One of the major purposes of the articles, beyond their descriptive purposes, was to indicate that, despite the differences, the various imperialisms worked hand in glove in achieving certain common aims, that the general, overall aspects of the occupation, as affecting the mass of Germans, was essentially the same. It is almost beyond belief that any other meaning could have been established.
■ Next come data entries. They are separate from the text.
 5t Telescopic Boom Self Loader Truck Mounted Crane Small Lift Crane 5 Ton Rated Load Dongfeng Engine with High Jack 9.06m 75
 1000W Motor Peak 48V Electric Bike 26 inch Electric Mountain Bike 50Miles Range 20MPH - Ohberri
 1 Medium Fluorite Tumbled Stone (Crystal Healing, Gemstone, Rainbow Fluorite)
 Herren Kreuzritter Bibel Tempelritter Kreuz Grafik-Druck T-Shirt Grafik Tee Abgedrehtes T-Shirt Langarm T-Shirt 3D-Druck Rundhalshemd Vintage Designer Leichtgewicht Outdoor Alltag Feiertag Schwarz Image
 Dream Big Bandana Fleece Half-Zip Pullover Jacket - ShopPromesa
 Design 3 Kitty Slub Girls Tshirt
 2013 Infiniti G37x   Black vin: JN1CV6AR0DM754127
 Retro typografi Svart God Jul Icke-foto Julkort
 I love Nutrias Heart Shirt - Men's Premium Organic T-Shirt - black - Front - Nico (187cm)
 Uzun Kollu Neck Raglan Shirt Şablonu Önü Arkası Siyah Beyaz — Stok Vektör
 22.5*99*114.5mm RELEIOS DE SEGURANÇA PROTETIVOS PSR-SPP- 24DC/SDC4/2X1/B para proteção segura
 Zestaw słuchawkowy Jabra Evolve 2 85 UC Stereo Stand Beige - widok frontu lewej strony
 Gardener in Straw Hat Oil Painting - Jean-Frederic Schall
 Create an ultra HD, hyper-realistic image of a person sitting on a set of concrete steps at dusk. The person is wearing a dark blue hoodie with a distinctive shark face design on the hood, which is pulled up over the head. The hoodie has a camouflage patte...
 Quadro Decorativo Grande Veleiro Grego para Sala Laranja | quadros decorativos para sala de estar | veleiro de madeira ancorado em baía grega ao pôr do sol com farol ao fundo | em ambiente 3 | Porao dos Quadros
Finally, although we do not grasp Leder’s ideas on the question of European and German stability, and although we do not at all grasp his motivation or evidence in predicting a period of “acute crisis,” we take it for granted that any real, durable stability in Germany is out of the question, if alone for the reason that growing conflicts between the rivals exclude this. What the imperialist powers had in common is now rapidly being replaced with what they do not have in common – their mutual desires and needs to court and win Germany as a whole. This is perfectly clear, particularly since Byrnes’ Stuttgart address. The concrete consequences of this falling apart of the thieves are just beginning to be felt, and are of the utmost objective significance for the slowly reviving German working class movement. It is our intention to analyze these new trends in Germany and their results in the next, December issue of The New International, for this represents a new phase in the entire process, but certainly not disconnected from the first phase we have previously described.
1*. Henry Judd was a pseudonym of Sidney Plastrik.